KLVI
- Beaumont, Texas; United States;
- Broadcast area: Golden Triangle
- Frequency: 560 kHz
- Branding: KLVI NewsTalk 560

Programming
- Format: Talk radio
- Affiliations: Premiere Networks Westwood One Fox News Radio Fox Sports Radio

Ownership
- Owner: iHeartMedia, Inc.; (iHM Licenses, LLC);
- Sister stations: KCOL-FM, KIOC, KKMY, KYKR-FM

History
- First air date: October 1, 1924
- Former call signs: KFDM (1924–1963)
- Call sign meaning: "LVI" is 56 in Roman numerals

Technical information
- Licensing authority: FCC
- Facility ID: 25580
- Class: B
- Power: 5,000 watts
- Transmitter coordinates: 30°02′43.8″N 93°52′15.6″W﻿ / ﻿30.045500°N 93.871000°W

Links
- Public license information: Public file; LMS;
- Webcast: Listen live (via iHeartRadio)
- Website: klvi.iheart.com

= KLVI =

KLVI (560 AM, "News Talk 560") is an commercial radio station licensed to Beaumont, Texas, United States, and serves the Beaumont–Port Arthur metropolitan area. Owned by iHeartMedia, it features a conservative talk format with studios on Dowlen Road in Beaumont and transmitter is off Tower Road in Bridge City.

==History==
The station first signed on as KFDM, on October 1, 1924. It was the first radio station in Southeast Texas. In the 1930s, it was owned by the Sabine Broadcasting Company with studios in the million-dollar Hotel Beaumont. It transmitted with 1,000 watts by day and 500 watts at night.

In the 1940s, KFDM was given permission to boost nighttime power to 1,000 watts, same as the daytime.

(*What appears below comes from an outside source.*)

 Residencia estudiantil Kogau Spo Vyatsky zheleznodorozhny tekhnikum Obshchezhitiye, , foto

KLVI became an affiliate of the NBC Blue Network, carrying its dramas, comedies, news, sports, soap operas, game shows and big band broadcasts during the "Golden Age of Radio." The Blue Network later became ABC Radio. As network programming moved from radio to television in the 1950s and 1960s, KLVI switched to a full service, middle of the road format of popular adult music, news, talk and sports.

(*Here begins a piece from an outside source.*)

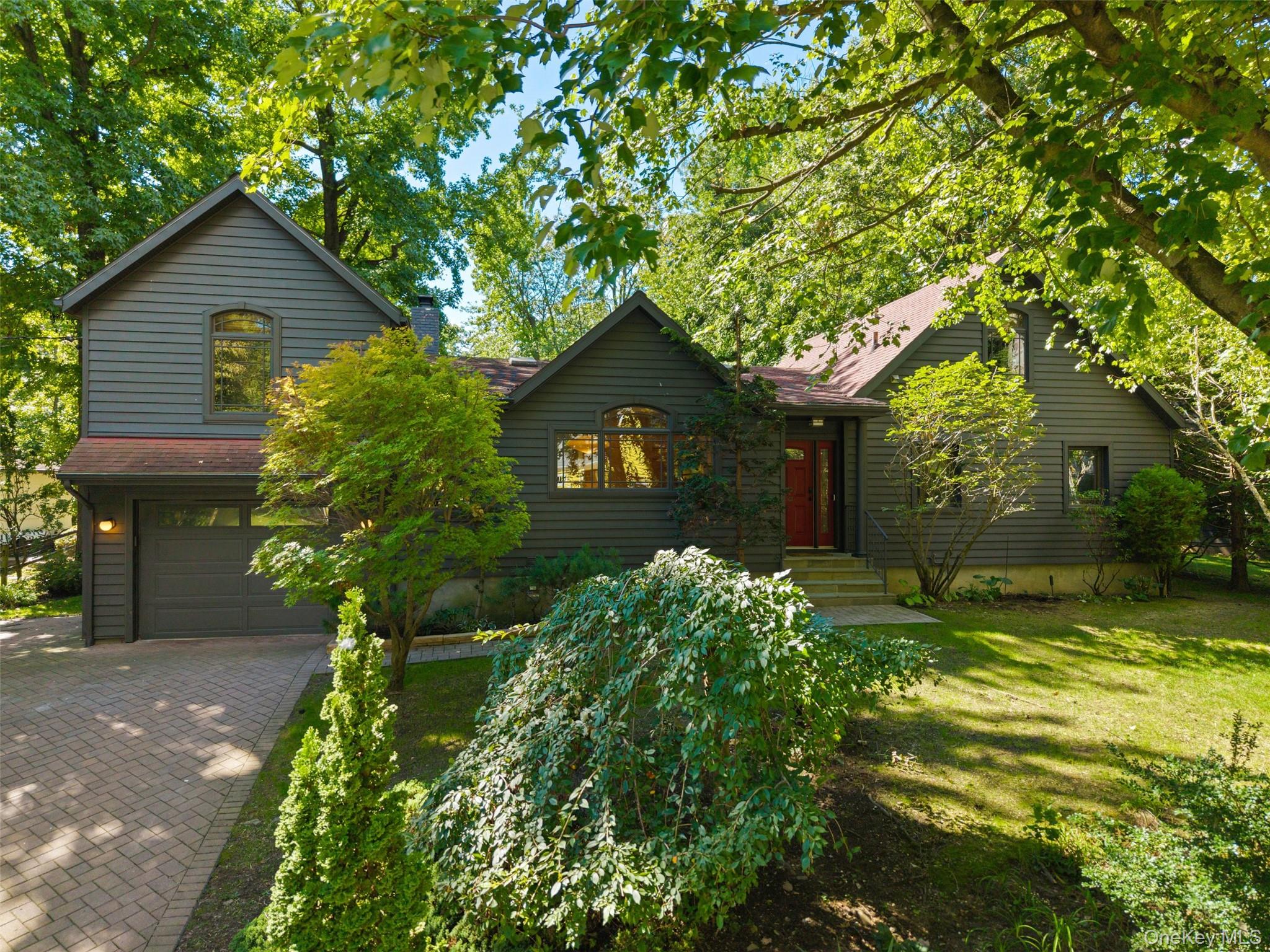 61 Stony Run Property Photo 1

The station was assigned the call sign KLVI by the Federal Communications Commission on December 31, 1963; the call change took place after the radio station came under separate ownership from KFDM-TV. On-air personality Al Caldwell is credited with booking the first public performance ever played by ZZ Top, at a Knights of Columbus hall in Beaumont on February 10, 1970, though he was working at crosstown 1450 KAYC at the time.

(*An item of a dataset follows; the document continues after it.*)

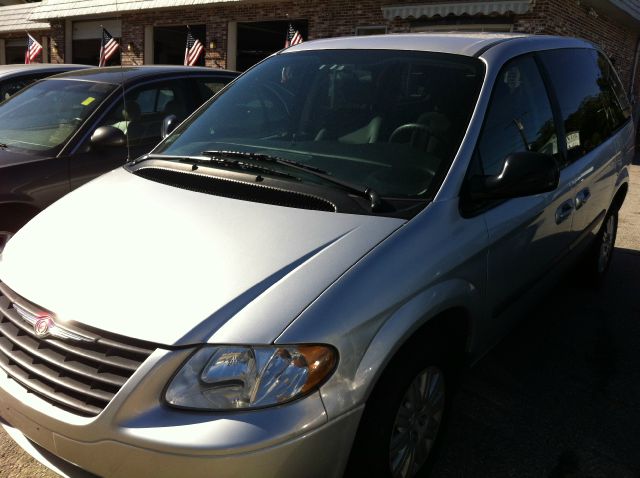 2005 Chrysler Town and Country Elk Conversion Van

KLVI was a pop/top40 music station through the middle 70s but flipped to a country format in 1977. Later, it added AM stereo using the Motorola C-QUAM method. In the 1980s, KLVI added more talk programs and reduced the music, as music listening increasingly became the domain of FM radio. By the 1990s, the station made the full transition to talk radio. Clear Channel Communications, based in San Antonio, acquired KLVI in 2000. Clear Channel later switched its name to iHeartMedia, Inc.

==Programming==

Al Caldwell hosts the station's local morning show; the remainder of the schedule is nationally syndicated conservative talk shows.